Ted Logan

Fun with PostScript

Saturday, 23 January 2010

One of the side effects of being married to a librarian is a large number of books in the house. One of the side effects of being an engineer with a mild streak of OCD is the desire to catalog and organize the books. This includes printing Library of Congress spine labels for all of our non-fiction collection so I can sort them by subject.

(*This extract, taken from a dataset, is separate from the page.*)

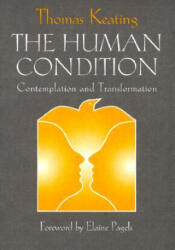 Human Condition - Keating, Thomas, O. C. S. O (ISBN: 9780809138821)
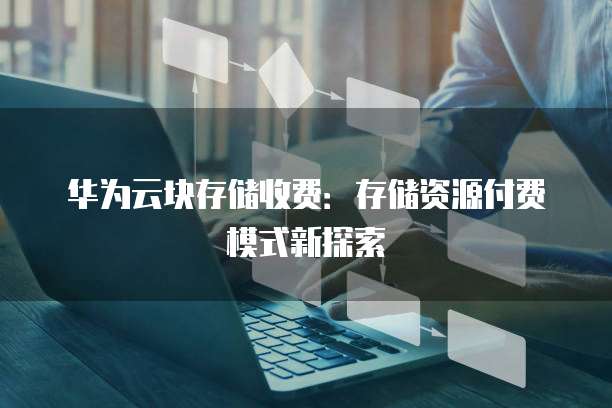 华为云块存储收费：存储资源付费模式新探索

Last Saturday I decided to label the forty-three unlabeled books in my collection, many of which joined my collection at Christmas. When I started printing LC labels, using 80-labels-per-sheet return address labels, I was so frustrated by OpenOffice.org's support for labels (especially my inability to import a long list of text to print on individual labels, or even copy-and-paste across multiple labels) that I set out on my own, using CSS to format my HTML to position text at the precise position on the printed page. This worked fine at first; I told my browser to suppress all headers and print at zero-inch margins and all was well. Last weekend it failed horribly; I couldn't get any of the browsers at my disposal to print zero-inch margins that were actual zero-inch margins, so I had to manually adjust the physical positions I gave in my CSS to match the arbitrary offsets given by my browser. This felt dirty but worked fine, but I knew I could do better.

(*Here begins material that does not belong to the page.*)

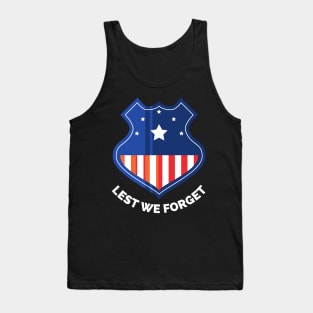 Veterans day, freedom, is not free, lets not forget, lest we forget, millitary, us army, soldier, proud veteran, veteran dad, thank you for your service Tank Top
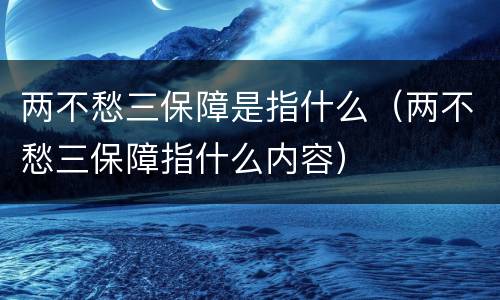 两不愁三保障是指什么（两不愁三保障指什么内容）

Having rejected word processing systems for my label-printing needs (given the manual intervention required and the lack of accessible scriptability), I set out in search of something that I could generate from a Perl script and precisely control on-page formatting. I looked briefly at TeX, which seemed a bit overly-complicated for my needs, and realized I could do everything I needed to do in PostScript.

On evenings during the week, I downloaded and read PostScript Language Tutorial and Cookbook, then scanned PostScript Language Reference, third edition for specific information on picking page sizes and determining font metrics. (It's pretty cool that PostScript allows a single document to be reformatted to fit the media at hand, but my application requires prior knowledge of the page size.) I started banging out PostScript code, starting with a simple box and moving on to drawing a sequence of boxes outlining the labels on the page. (I don't want to outline the labels in practice, but it gives me a very useful way to see how well my printed output matches the sheet of labels.) I wrote a for loop in PostScript:

0 1 cols 1 sub {
  /x exch def
  0 1 rows 1 sub {
    /y exch def

    gsave
    left x hpitch mul add pageheight top sub y vpitch mul sub translate

    % Draw the bounding box
    newpath
    0 0 moveto
    width 0 rlineto
    0 height neg rlineto
    width neg 0 rlineto
    0 height rlineto
    closepath
    stroke

    grestore
  } for
} for

For those unfamiliar with PostScript, this may look like gibberish. PostScript is a stack-based language; each operation pops and pushes some values from and to the stack. The for loop takes a block of code, which it iterates through, leaving the value for the current iteration on top of the stack. Adapting to this way of thinking was an interesting exercise; I had to visualize what was on the stack at any given time, and I had the opportunity to write more complicated compound expressions than I might have otherwise attempted. (I'm also worried I ended up with under-documented write-only code; I haven't yet figured out the best way to format and document my code. Debugging was also tricky; I did find the operator to dump the current stack to the debugging console, which gave me enough information to figure out that I was drawing my box up from the current position rather than down as I had intended.)

To write the text, I added an array with the labels to print:

% Content to print on labels
/content [
(BL1130.A4 B472)
(DS406.B56 2009)
(DS406.B76 2008)
(DS407.G75 2008)
(DS436.T17 1999)
...
] def

Then added code inside my inner loop to index into the array, find the width of the string in the current font, and center the string horizontally and vertically inside the current box:

    % Write the text itself
    i content length lt {
      0 0 moveto
      content i get
      dup stringwidth pop
      width exch sub 2 div
      height fontsize add 2 neg div
      moveto
      show
    } if

    /i i 1 add def

That last line of code is the PostScript equivalent of "i++".

Those interested in reading my PostScript program for themselves may find my full code here: labels.ps. Further refinement is needed in the font selection, vertical centering, and automatic generation from the LibraryThing database, but I think it's a pretty impressive result for a few hours of work.